Парило с раннего утра. Дедок с камушками, ступая на скрипучие доски парома
рядом со мной, вздыхал и, утирая платком свою лысую голову, говорил: «Эх, гроза
будет страшная! Скорей бы нам переправиться…» Кроме него, похоже, больше
никто не верил в то, что погода может резко испортиться. Не верил в это и я, не
хотел даже думать о том, что что-то вмешается в ход нашего возвращения и
задержит
нас тут еще на пару дней. Тогда я впервые за долгое время чувствовал себя вновь
бодрым и веселым. Еще бы! Ведь время ожидания заканчивалось и все плохое уже
оставалось позади! Вечером поезд помчит меня к дому и через несколько дней
опять начнутся сладостные сборы в Египет. Я был уверен, что теперь-то уж ничто
не помешает нам осуществить желаемое, так как вчера звонила мама и сказала, что
папку отпустили отдыхать и что он поедет устраивать наши путевки в
турагентстве.
Короче, в тот день,
двадцать седьмого июля, я был счастливее всех туристов, садившихся на
старенький паром. И я мысленно благодарил тетю Клаву за то, что она предложила
мне эту поездку на Урал, которая помогла пережить хандру и дождаться нового
путешествия в Египет. Эх, будет тогда чем похвалиться друзьям, когда в сентябре
мы вновь соберемся все вместе под сводами нашей сто восьмой школы! От
предстоящих впечатлений аж дух захватывало! И уж никакие там грозы, бурные реки
и комары не могли помешать мне вернуться домой! Вот о чем думал я, поднимаясь
на большой скрипучий паром, и даже представить себе не мог, что мое странствие
по лесам и горам на самом-то деле только еще начинается!
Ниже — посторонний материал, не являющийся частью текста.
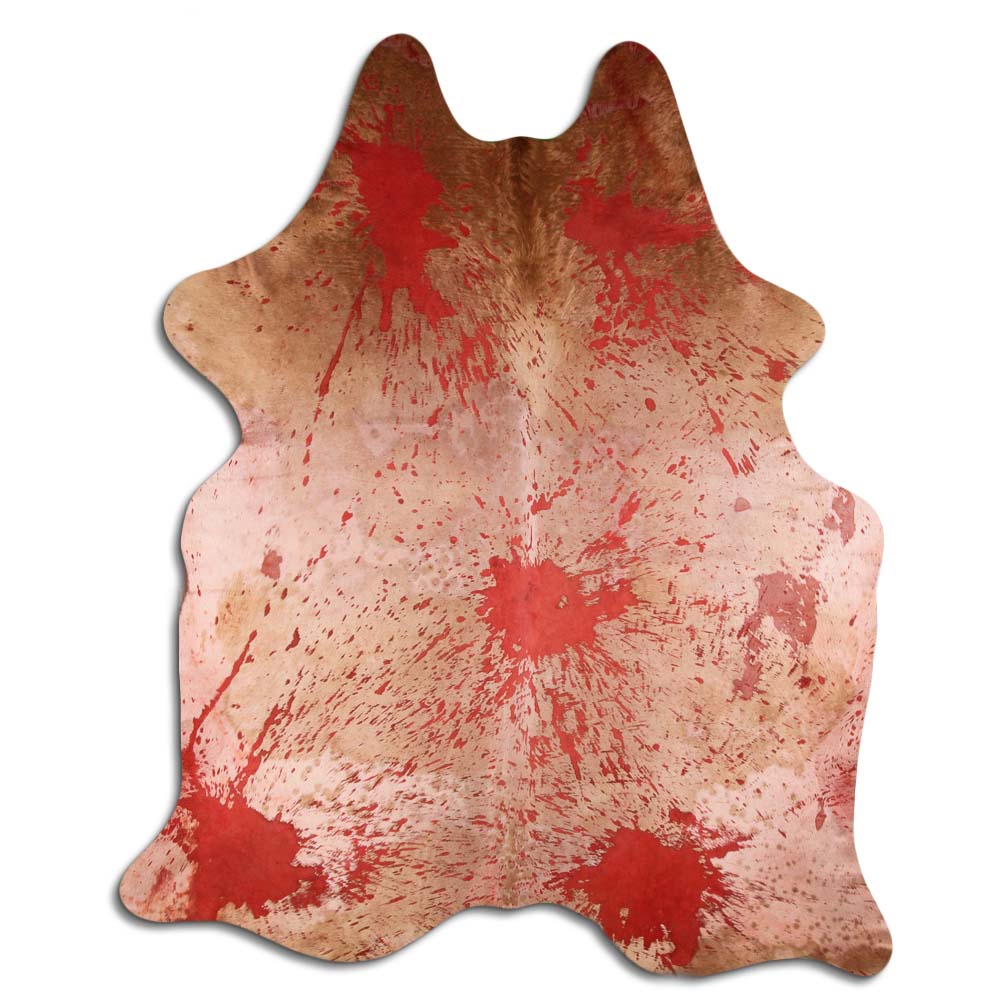 Distressed Vermelho 3 - 4 M Classe A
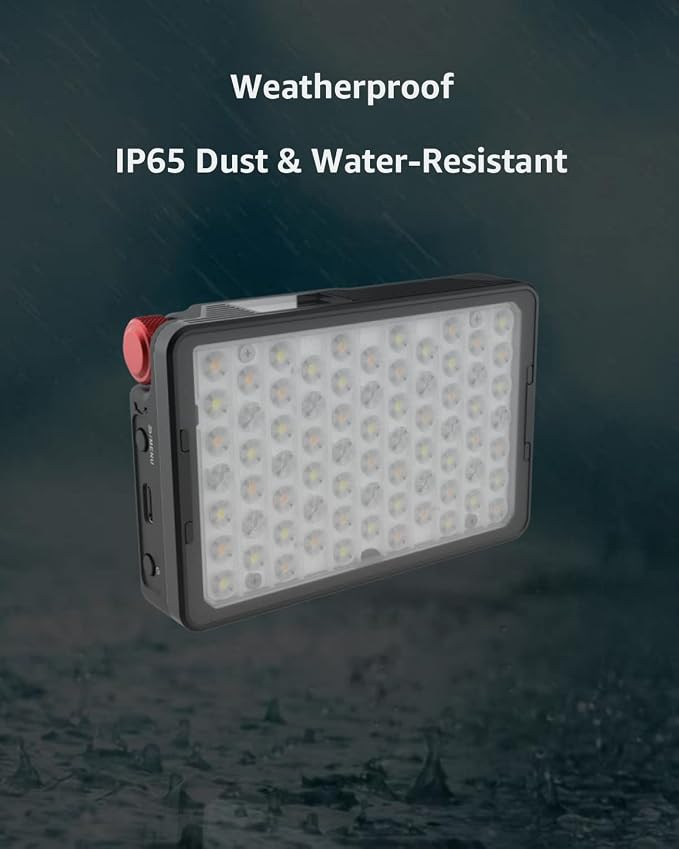 Aputure MC Pro Camera Lights,RGBWW LED Video Lights Lensed Mini LED Panel | Full Color Portable Photography Lighting,4200mAh Rechargeable Battery,APP Control, Support Magnetic Attraction - Image 5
Скажи мне тогда кто об
этом, я бы точно искупал его в бурных потоках реки, плескавшихся за кормой
нашего прямоугольного судна. И тем не менее, вступив на паром, я тем самым
вышел на старт своего нового путешествия, но только не домой, и уж тем более не
в Египет, а обратно в непролазные дебри Северного Урала.
Примерно через полчаса
погрузка закончилась, и паром, ведомый загорелым, коротко стриженным крепышом в
тельняшке, брезентовых брюках и стоптанных кирзачах, не спеша, скрипя и
постанывая, неохотно отчалил от берега. Я помахал лесу рукой и мысленно
распрощался с тайгой. Тетя Клава, усевшись рядом со старичком, который зачем-то
вез домой камни, завела с ним оживленную беседу о посещении деревянного
монастыря. Я, чтобы не мешать им, отошел в угол и расположился на каких-то
серых тюках и ящиках. Парило страшно. Густое марево клубилось над водой и над
высокими кронами удаляющихся сосен. Постоянно хотелось пить. Заняться было
нечем. Батарейки в моем плейере уже давно сели, и поэтому даже послушать музыку
не представлялось возможным. От нечего делать я тогда начал рассматривать паром
и его пассажиров. Всего нас было человек тридцать пять. Двадцать шесть —туристы, а остальные — местные жители, переправлявшиеся по своим делам на
другой берег. Кроме людей на палубе находились и какие-то грузы: кроме тюков, на которых я сидел, рядом стояли еще большие маслянистые железные бочки, громоздился
штабель коробок с овощами и фруктами, лежали длинные свертки сетей и брезента.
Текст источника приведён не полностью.